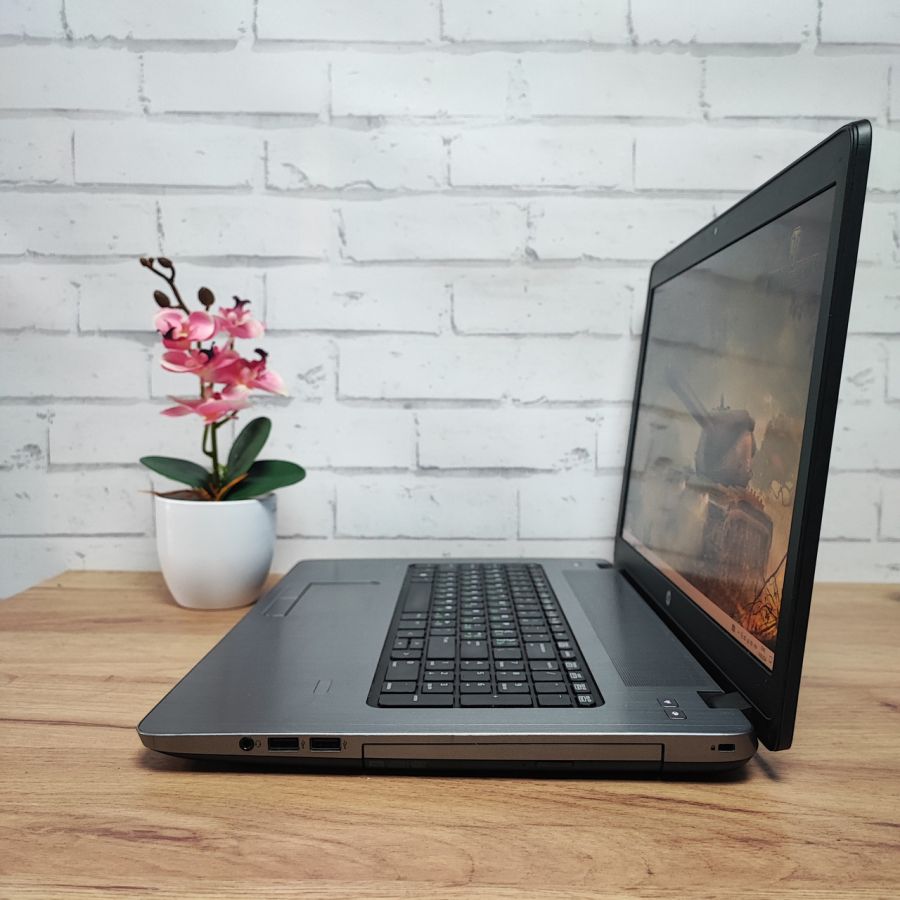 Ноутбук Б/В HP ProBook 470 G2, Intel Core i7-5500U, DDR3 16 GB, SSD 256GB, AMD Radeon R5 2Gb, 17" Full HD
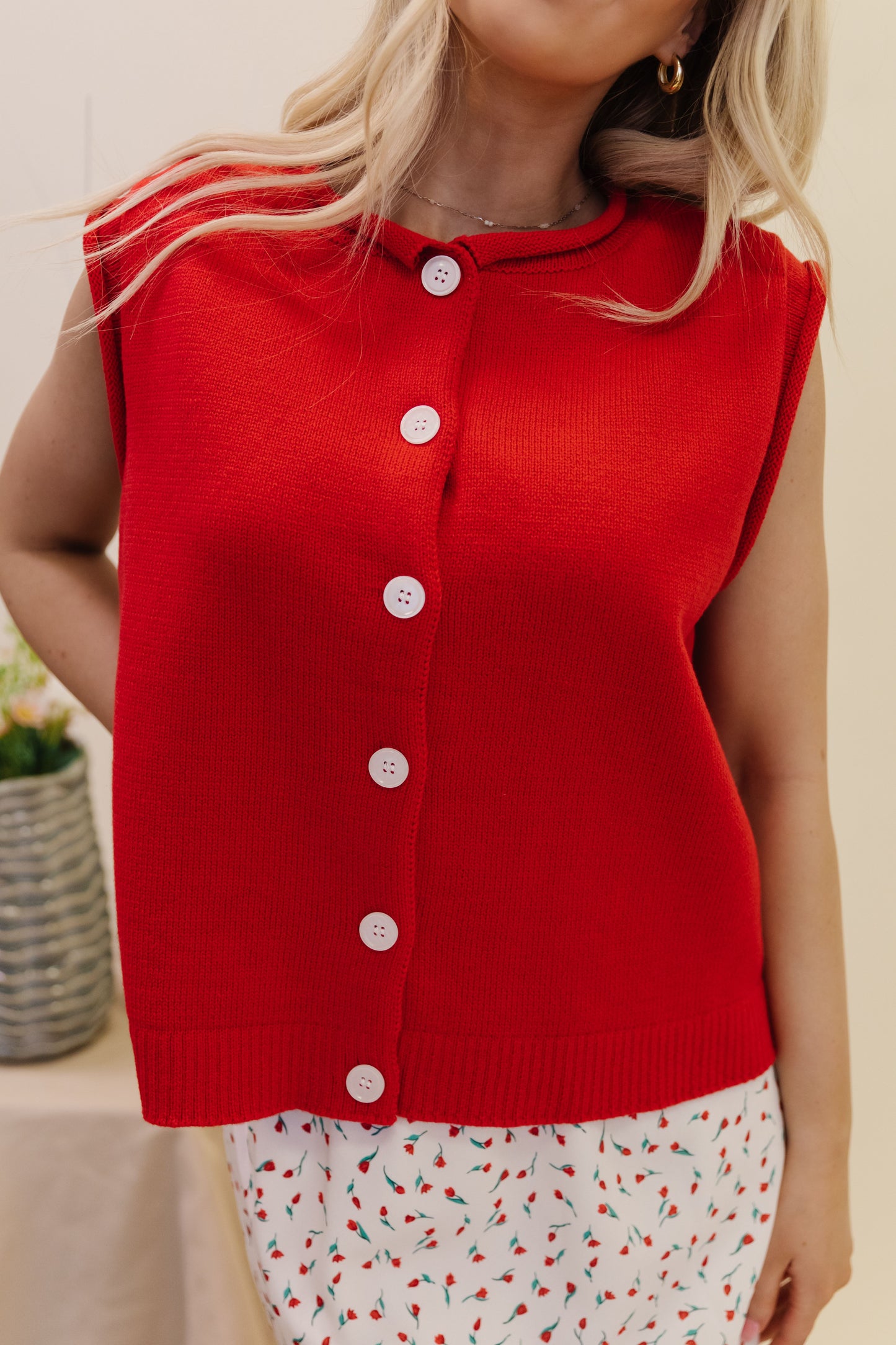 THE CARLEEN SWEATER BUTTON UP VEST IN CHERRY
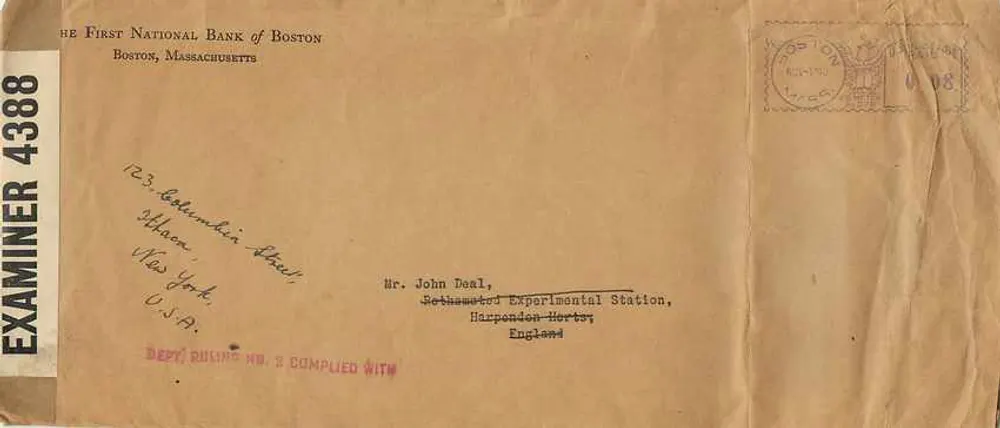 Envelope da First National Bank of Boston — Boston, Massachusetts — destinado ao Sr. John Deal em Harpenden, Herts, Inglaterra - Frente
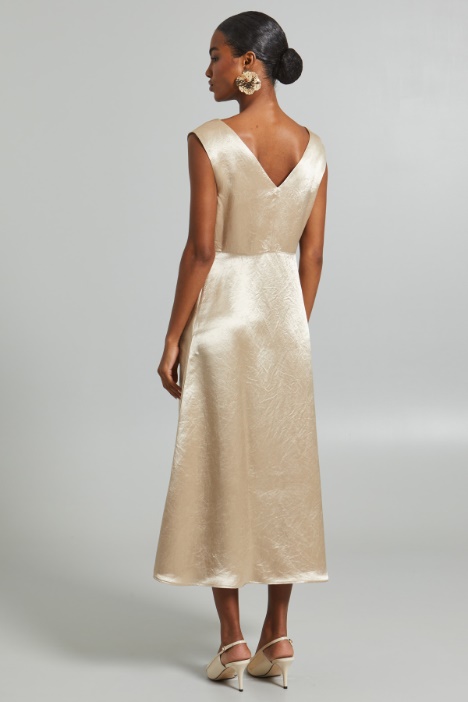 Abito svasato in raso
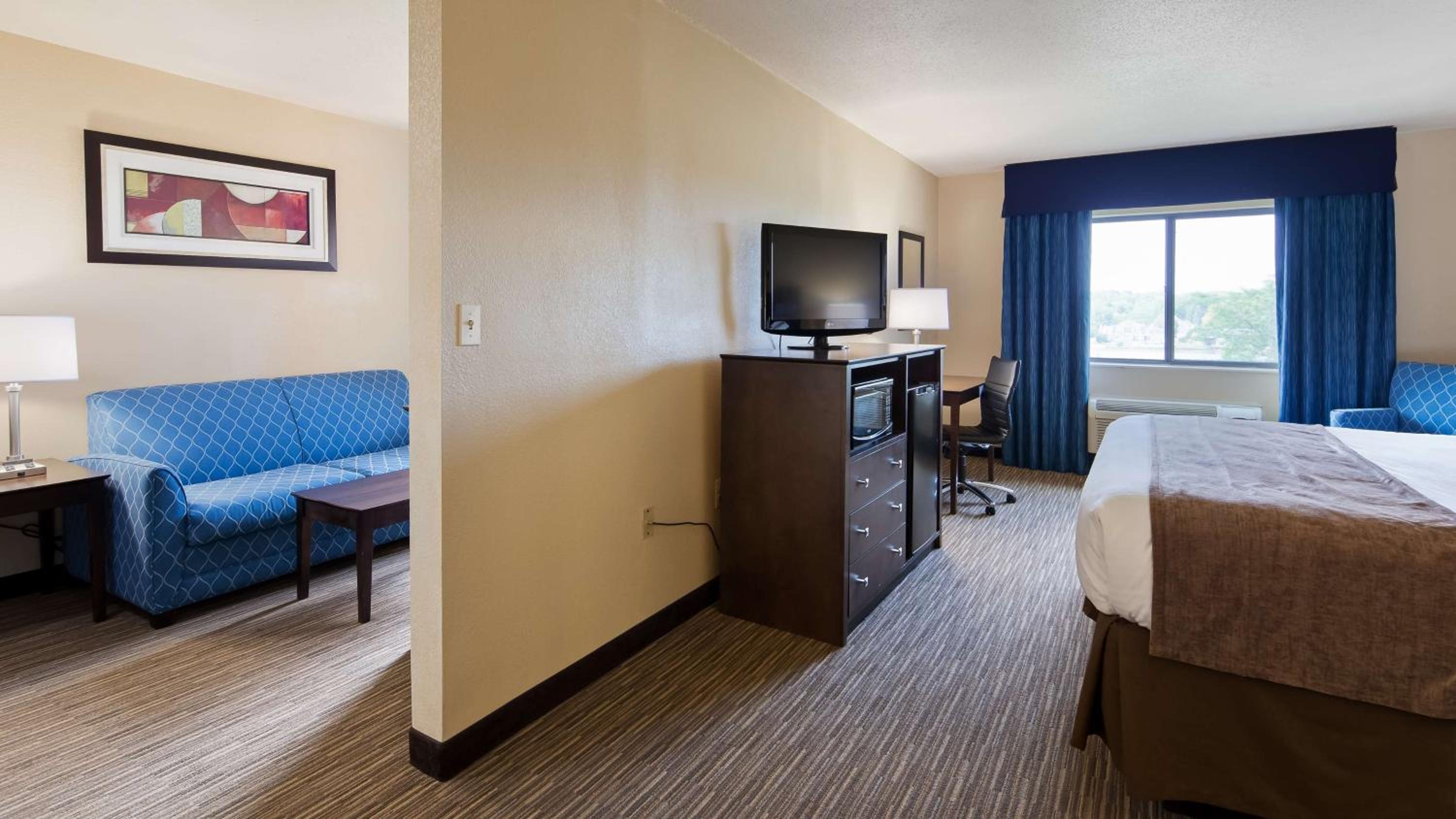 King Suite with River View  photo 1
...
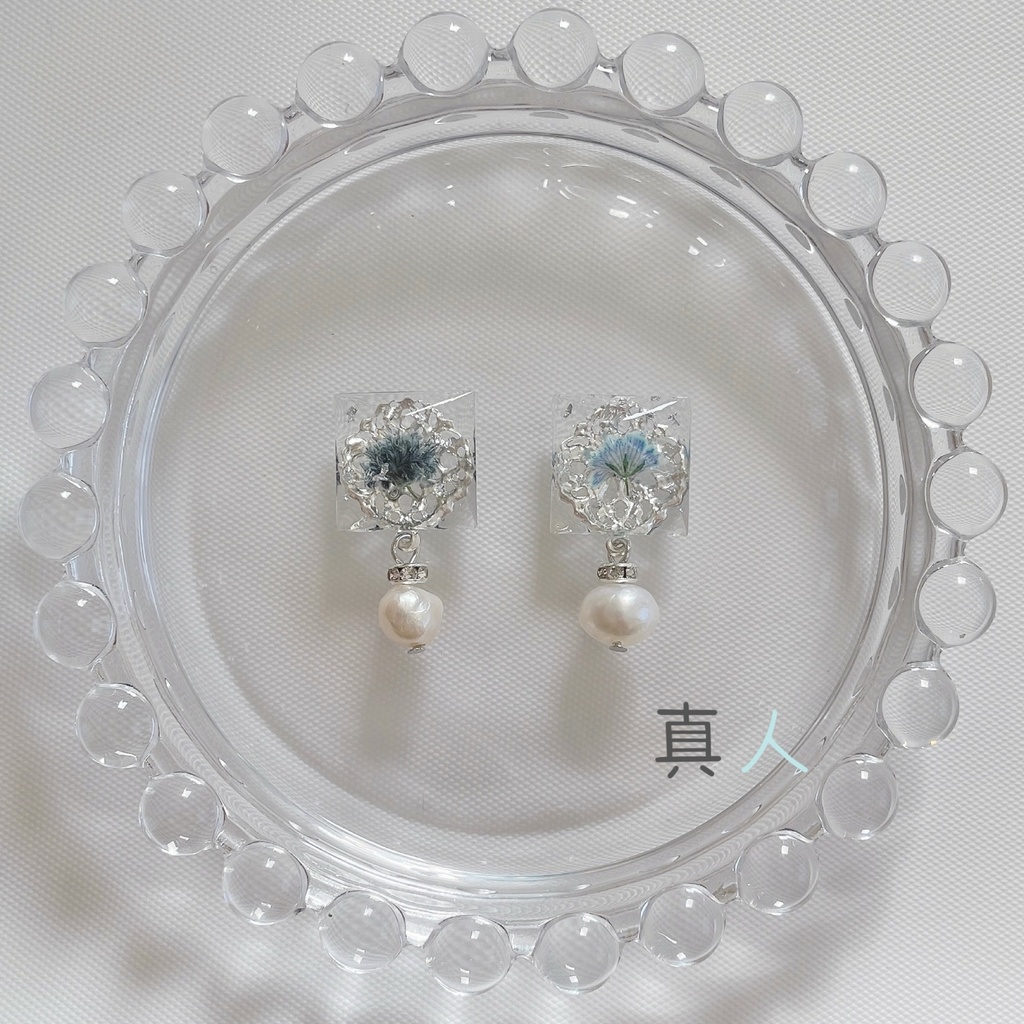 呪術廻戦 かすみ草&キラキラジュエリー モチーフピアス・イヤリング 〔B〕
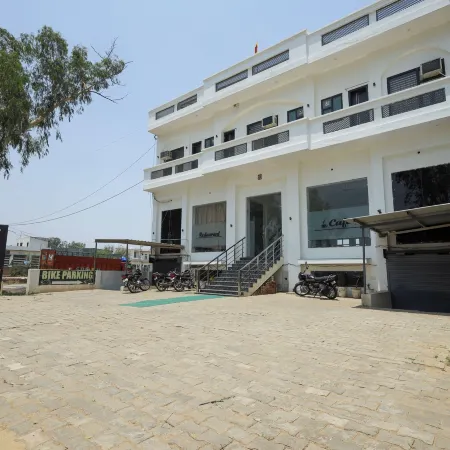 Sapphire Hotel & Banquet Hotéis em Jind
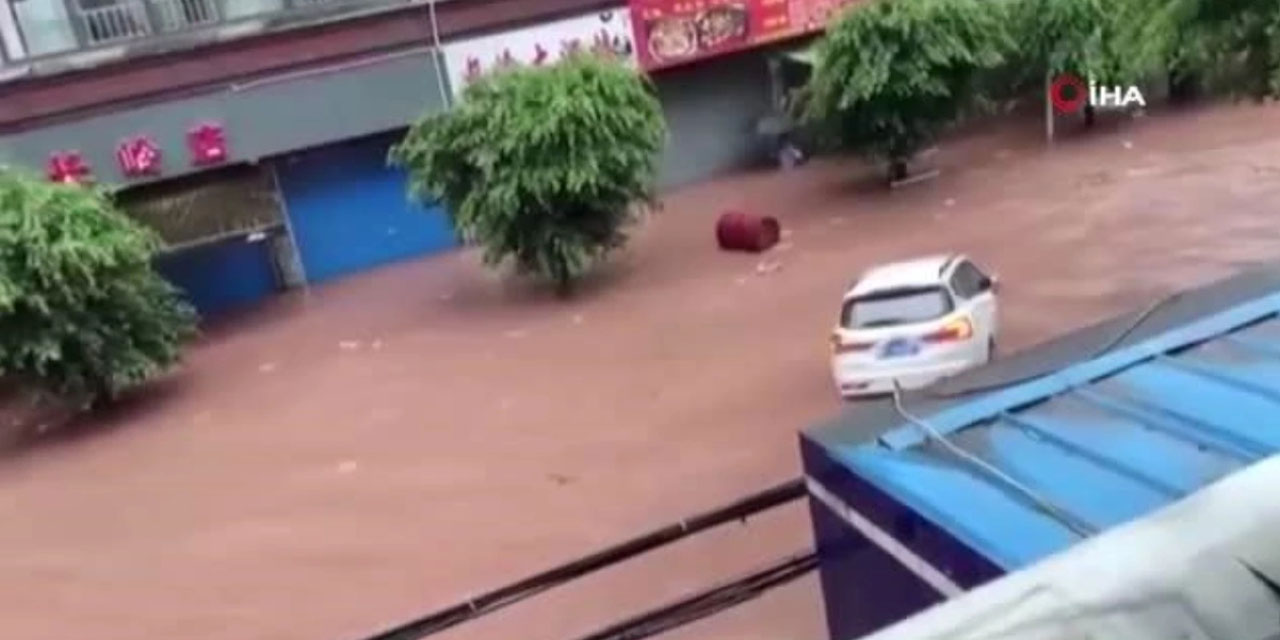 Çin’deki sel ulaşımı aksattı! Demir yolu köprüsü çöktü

- **Description of the task**
Although the records above contain pictures, the copy must not; set down exactly the lines from the one with "Sapphire Hotel & Banquet Hotéis em Jind" up to and including the one with "Çin’deki sel ulaşımı".

- **Answer space**
 Sapphire Hotel & Banquet Hotéis em Jind
 Çin’deki sel ulaşımı aksattı! Demir yolu köprüsü çöktü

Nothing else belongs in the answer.